Supplemental readings:
Rolf Dobelli, “Read Less But Read It Twice”1
Francis Bacon, “Of Studies”2
Arthur Schopenhauer, “On Books and Reading”3
Blessed Lord, who hast caused all holy Scriptures to be written for our learning; grant us that we may in such wise hear them, read, mark, learn, and inwardly digest them;
-Thomas Cranmer, Book of Common Prayer, Collect for the Second Sunday of Advent
Too Many Good Books?
I regularly hear people who love reading complain that there are “too many good books to read.” This essay is to persuade you that this is not true: there are plenty of good books to read, but nowhere near too many (for you).
Recently, on a discussion forum I frequent, I posted a link to Rolf Dobelli’s essay “Read Less But Read It Twice” (alternately titled “How to Read a Book”). In the essay, Dobelli protests against idle reading, reading that makes no real impression or change in us, but merely amuses and diverts us. Reading, he insists, is not the same kind of activity as eating or sex. Reading both can and should make us wiser and better, otherwise it is a waste of our ever diminishing time.4
Dobelli develops his idea using the metaphor of a transit punch card. Imagine, he says, that you have a reading card with fifty spaces. Before you start reading a book, even one you won’t finish, you have to punch one space. Once you’ve used up all fifty spaces, that’s it: you can read no new books for the rest of your life. What would you read, and how would you read, and reread, if this were the case? What titles on your To Read list would you abandon, and which ones would you add?

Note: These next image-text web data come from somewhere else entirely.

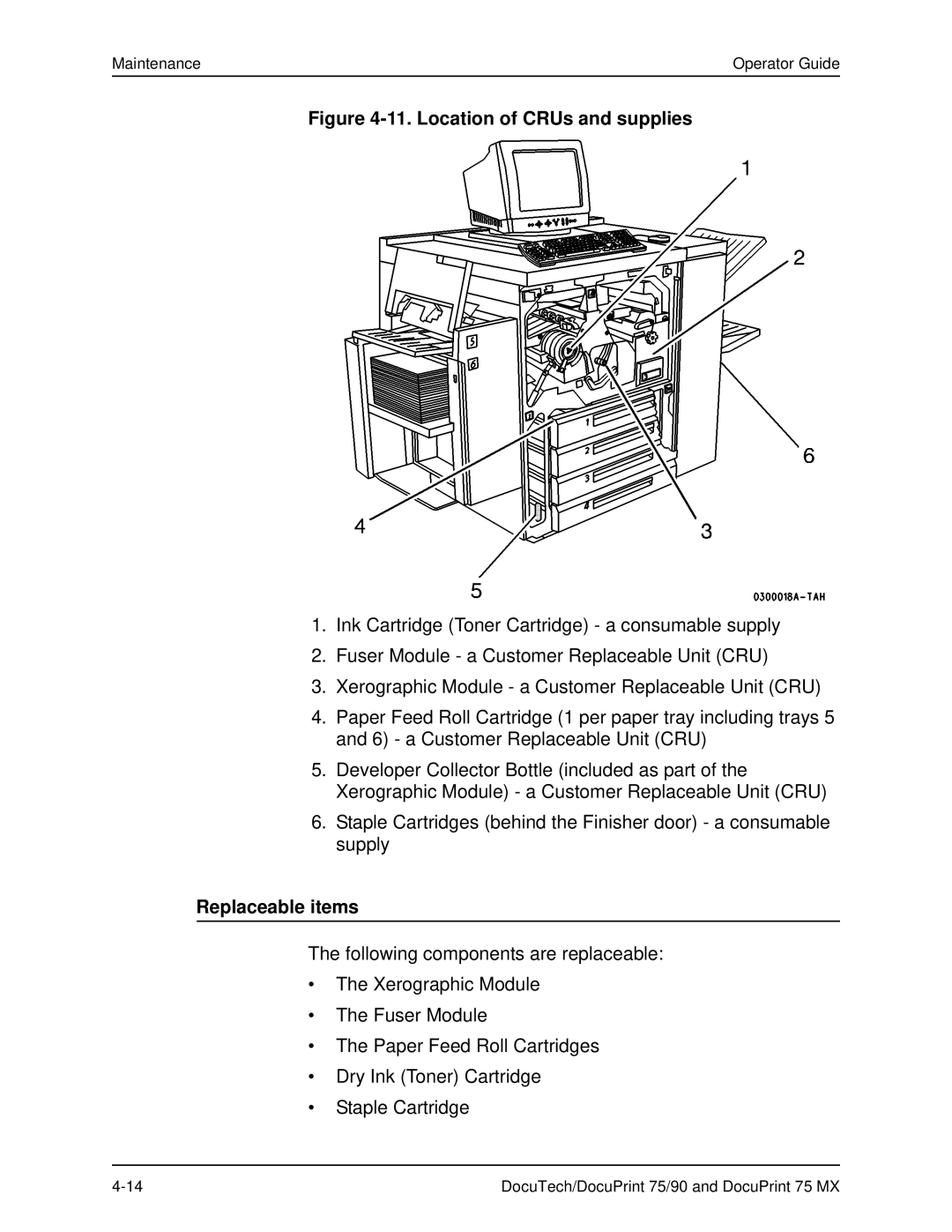 Xerox 75 MX manual Location of CRUs and supplies, Replaceable items 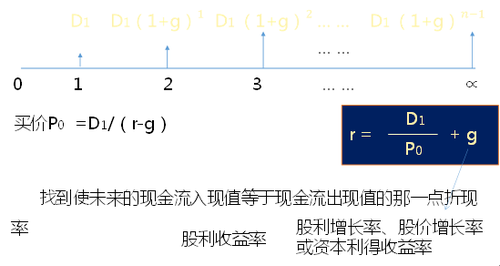 普通股的期望報酬率2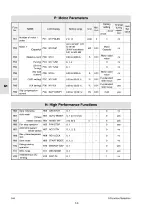 Preview for 62 page of IMO Jaguar VXM Instruction Manual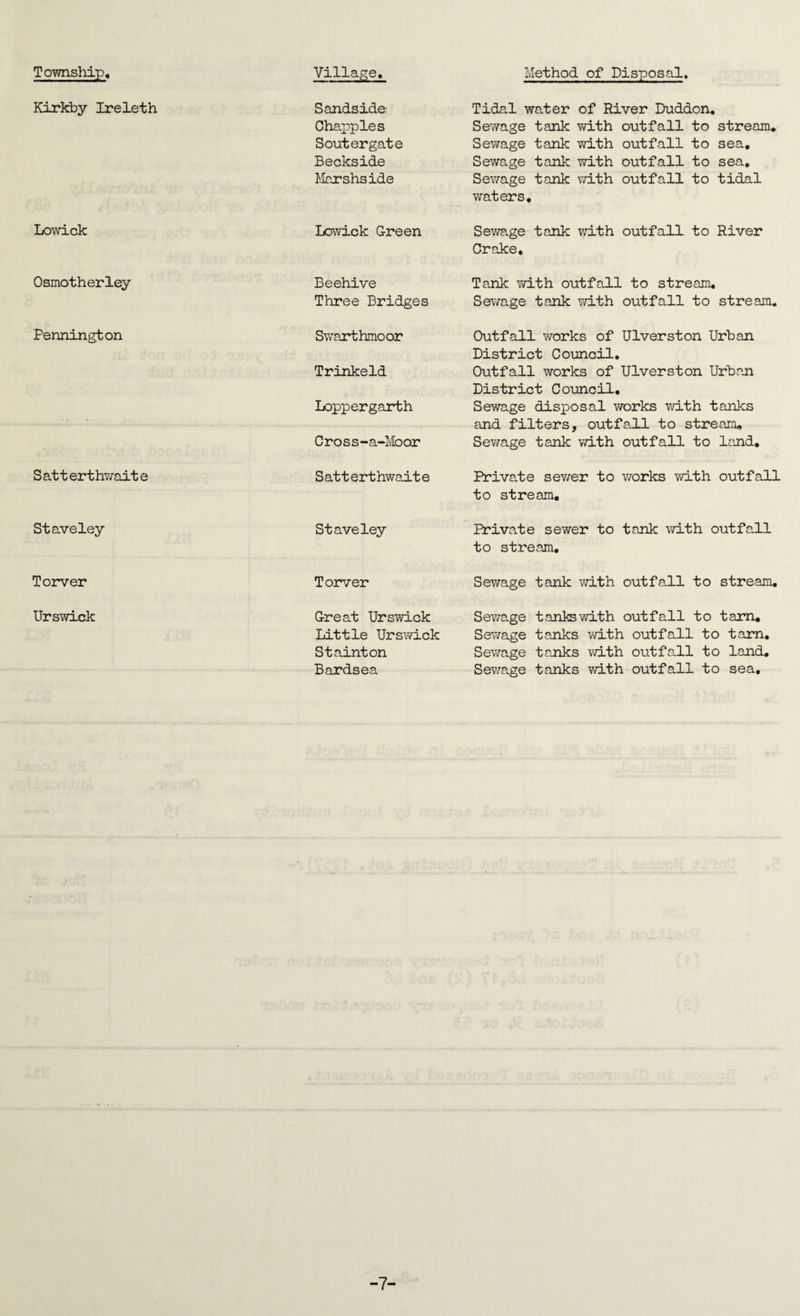 Township, Village. Method of Disposal, Kirkby Ire let h Sandside Chappies Soutergate Beckside Marshside Tidal water of River Duddon. Sewage tank with outfall to stream. Sewage tank with outfall to sea. Sewage tank with outfall to sea. Sewage tank with outfall to tidal waters. Lowick Lowick Green Sewage tank with outfall, to River Crake. Osmotherley Beehive Three Bridges Tank with outfall to stream. Sewage tank with outfall to stream. Pennington Swart hmoor Trinkeld Loppergarth Cross-a-Moor Outfall works of Ulverston Urban District Council. Outfall works of Ulverston Urban District Council. Sewage disposal works with tanks and filters, outfall to stream. Sewage tank with outfall to land. Satt erthwait e Satterthwaite Private sewer to works with outfall to stream. Staveley Staveley Private sewer to tank with outfall to stream. Torver Torver Sewage tank with outfall to stream. Urswick Great Urswick Little Urswick Stainton Bardsea Sewage tanks with outfall to tarn. Sewage tanks with outfall to tarn. Sewage tanks with outfa.ll to land. Sewage tanks with outfall to sea. -7-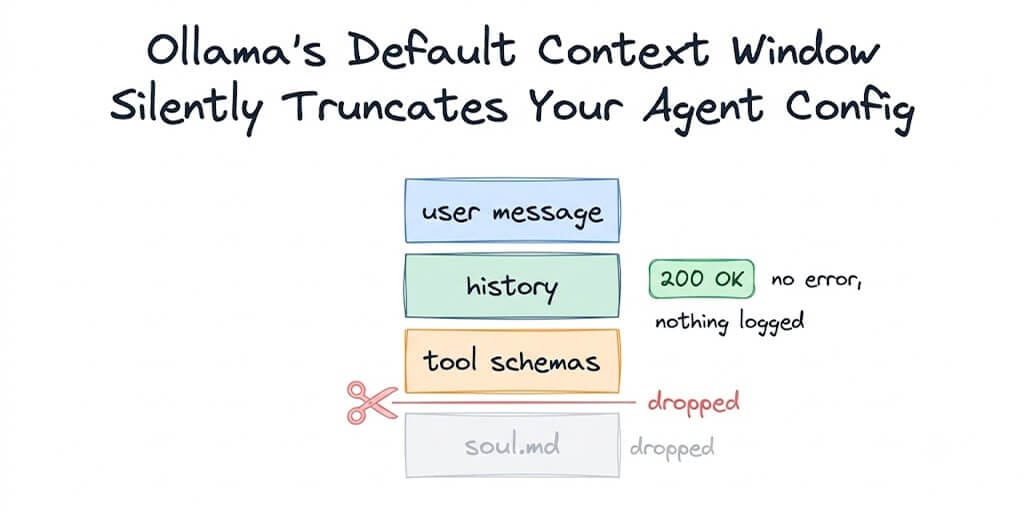 An agent prompt stack of user message, history, tool schemas and soul.md, with soul.md cut off the front while Ollama returns 200 OK with no error and nothing logged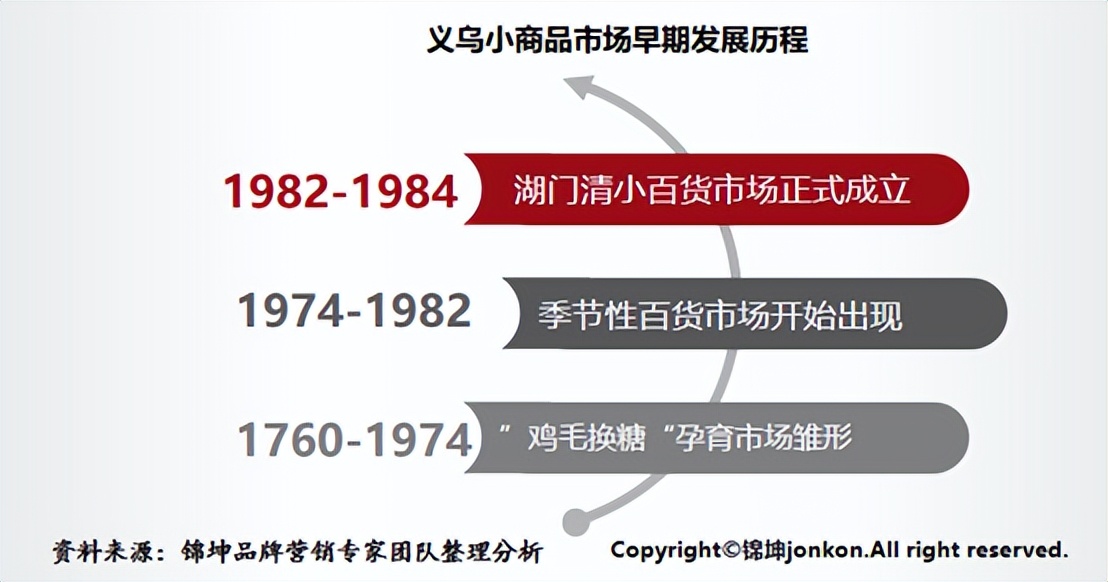 大城市义乌背后的小商品市场转型升级品牌顶层设计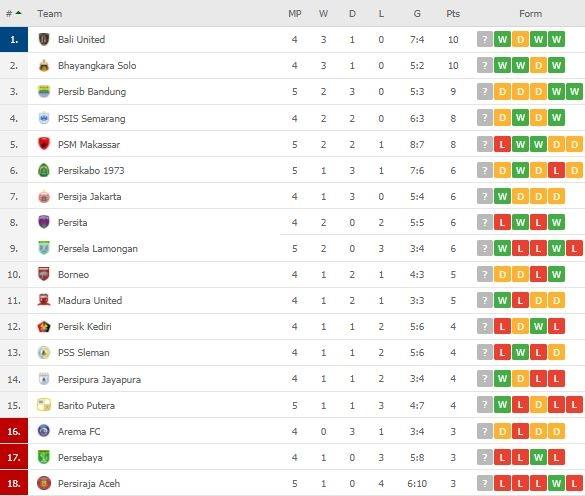 Klasemen Terbaru Liga 1. (Flashscore)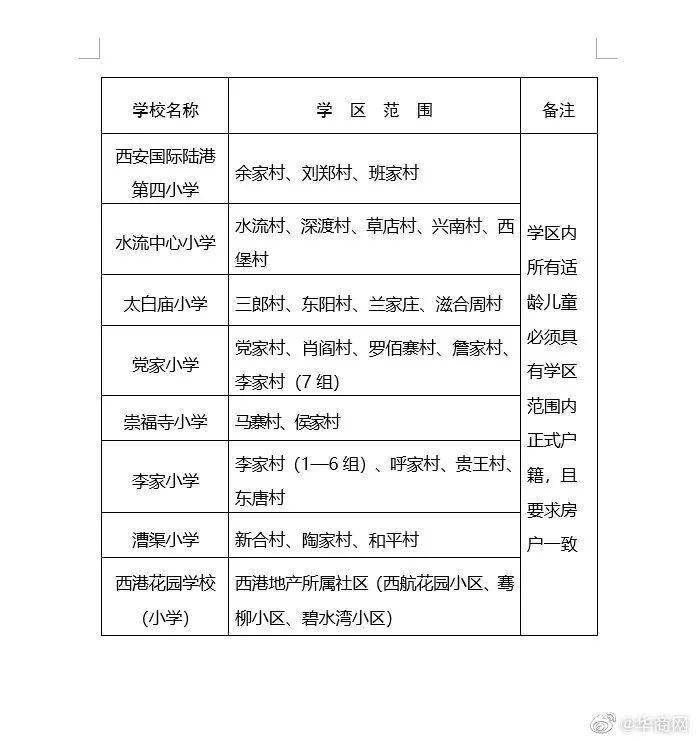 西咸新区gdp2020年_阿里巴巴的强势进驻 发现 南有大雁塔 北有崇文塔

As a practice, Dobelli proposes nothing so radical. Instead, he challenges his readers to read less books, and read each book twice in succession. To someone who loves to read, this limitation sounds impossible, but I think it is a brilliant idea. The discussions that followed my post, however, led me to see that it is easy to misunderstand.
The most common way people misunderstand Dobelli is to believe he is asking us to reread books merely in order to recall more of their contents - to be able to recite sentences, pages, and chapters. This is their internal model of what rereading is for, perhaps learned from painful rounds of rote memorization in school. But that is not Dobelli’s proposal.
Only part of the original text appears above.